CONCURRING OPINION BY Judge McCULLOUGH.
I concur in the result reached by the Majority, and I write separately to clarify the statement that an adjoining landowner must always file a petition to intervene in order to appeal a land-use decision by a zoning hearing board because I believe it is overly broad. (See Maj. op. at 381 & n. 4.)
In this case, the Township of Covington Zoning Hearing Board (Board) issued a September 25, 2013 order upholding six different enforcement notices against Joan and William Lescinsky (the Lescinskys), and an October 4, 2013 order denying the Lescinskys' request for a variance. (Reproduced Record (R.R.) at 85a-86a, 93a, 103a.) Lorraine Sulla (Sulla), an adjoining property owner who participated in the proceedings before the Board, seeks to appeal these orders to the trial court, but she failed to file a petition to intervene with the trial court.

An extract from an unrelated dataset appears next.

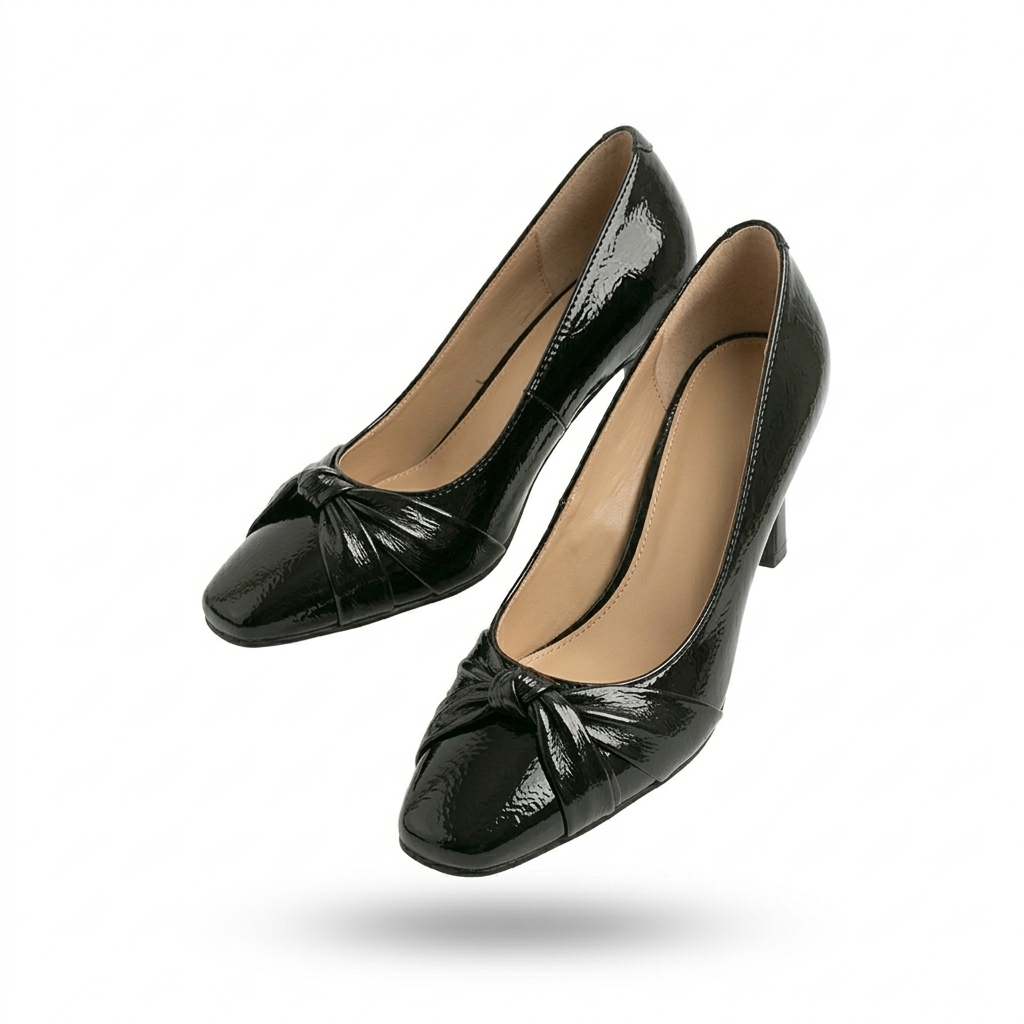 Evoria Premium Swirl Square Toe Block Heels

Under Pennsylvania law, when a Board issues an order upholding an enforcement notice, or an order denying a property owner's request for land-use relief (such as a variance), an objecting, adjoining landowner must petition to intervene with the trial court, regardless of the objector's status or participation in the proceedings before the Board. Brendel v. Zoning Enforcement Officer of Borough of Ridgway, 780 A.2d 750, 751 (Pa.Cmwlth.2001); Gilchrist v. Zoning Hearing Board of Old Forge Borough, 83 Pa.Cmwlth. 27, 475 A.2d 1366, 1368 (1984). In these scenarios, the property owner subject to enforcement sanctions or denied requested land-use relief serves as the appellant; the Board acts as the appellee to defend its own decisions, see Zeigler v. Klay, 163 Pa.Cmwlth. 221, 640 A.2d 511, 513-14 (1994); and the objecting, adjoining landowner is not "aggrieved" for standing purposes because the Board's orders are not "adverse" to the objector's interests. Accordingly, our law requires the objecting, adjoining landowner to file a petition to intervene and be granted intervenor status in order to participate at the trial court level.

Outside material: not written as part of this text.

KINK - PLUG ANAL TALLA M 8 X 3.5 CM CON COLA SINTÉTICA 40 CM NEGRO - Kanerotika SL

However, when a Board issues an order granting a property owner's request for land-use relief, an objecting, adjoining landowner—assuming that the objector is "directly affected" by the grant—need only obtain party status before the Board and sufficiently participate in the proceedings in order to have standing to appeal to the trial court. Thompson v. Zoning Hearing Board of Horsham Township, 963 A.2d 622, 624-25 (Pa.Cmwlth.2009); Orie v. Zoning Hearing Board of the Borough of Beaver, 767 A.2d 623, 624-25 (Pa. Cmwlth.2001). In this scenario, there is, in essence, no person or entity to act as the appellant because the Board and the property owner who was granted the land-use relief will not be filing an appeal. Accordingly, our law permits an objecting, adjoining landowner to file an appeal from the Board's decision and be afforded party status before the trial court without having to file a petition to intervene.

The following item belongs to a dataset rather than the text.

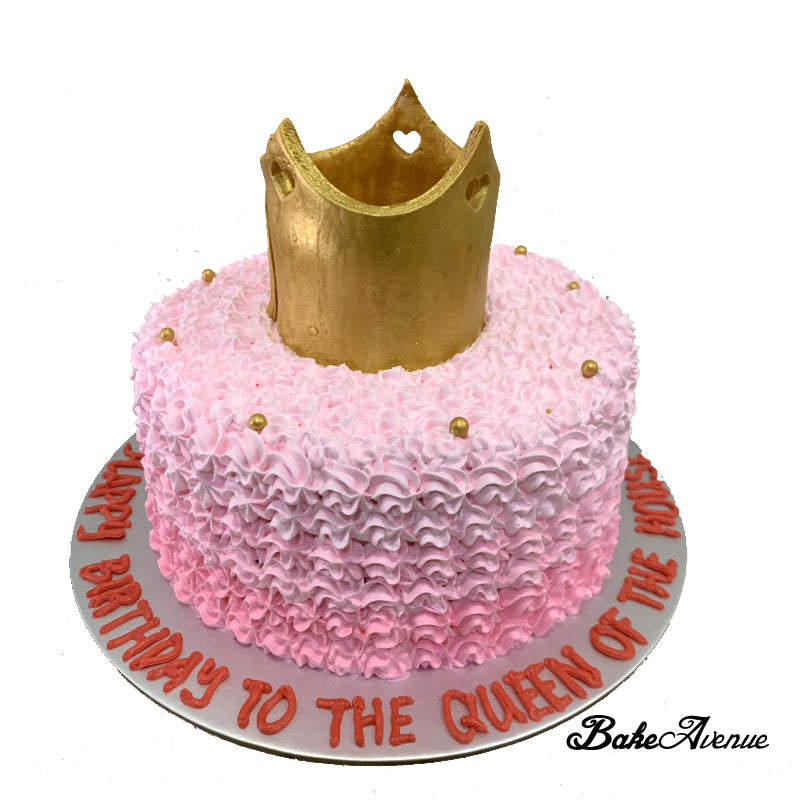 Crown Fondant Topper Birthday Ombre Cake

As noted, Sulla appeals from the Board's orders upholding the enforcement notices against the Lescinskys and denying the Lescinskys' request for a variance. Because Sulla failed to file a petition to intervene with the trial court, she lacked standing to advance arguments or otherwise participate before the trial court. Nonetheless, it is not always necessary for an objecting, adjoining landowner to file a petition to intervene with the trial court, especially in cases where the Board grants a property owner's request for land-use relief and the objector participates in the proceedings as a party-opponent.
With these observations being stated, I respectfully concur in the result reached by the Majority.